* _Task prompt_:
A word-for-word copy of the data, with no images, is the required answer.

* _Data segment_:
[Start of section]

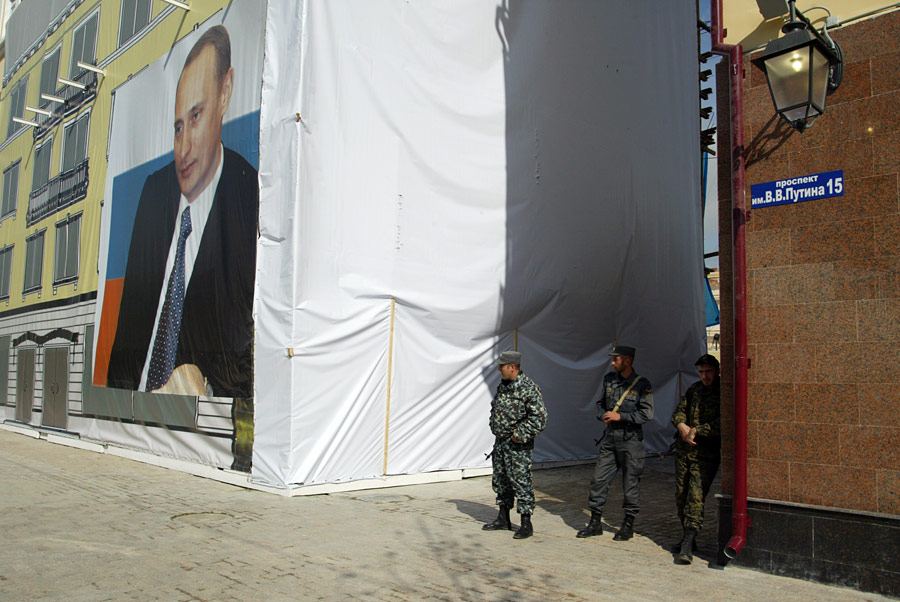 На проспекте им. В. В. Путина в Грозном. © Саид Гуциев/РИА Новости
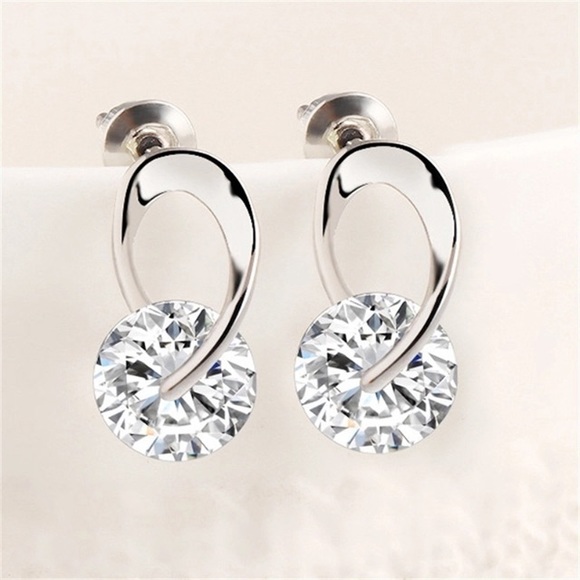 NEW!💙💎ADORABLE LITTLE CZ SWIRL STUDS!💎💙SILVERY - Picture 5 of 8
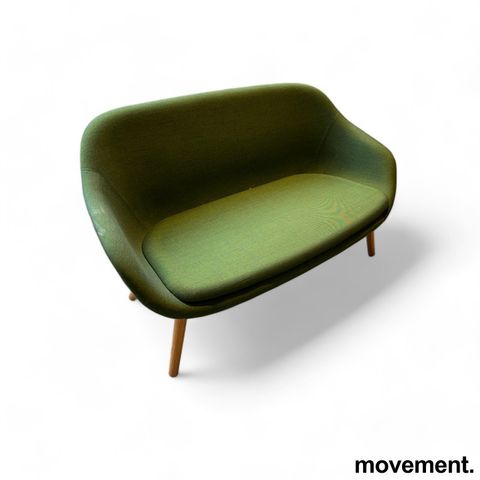 2-seter sofa i grønt stof fra Hay, About a lounge Sofa, ben i eik, pent brukt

[End of section]

* _The answer_:
 На проспекте им. В. В. Путина в Грозном. © Саид Гуциев/РИА Новости
 NEW!💙💎ADORABLE LITTLE CZ SWIRL STUDS!💎💙SILVERY - Picture 5 of 8
 2-seter sofa i grønt stof fra Hay, About a lounge Sofa, ben i eik, pent brukt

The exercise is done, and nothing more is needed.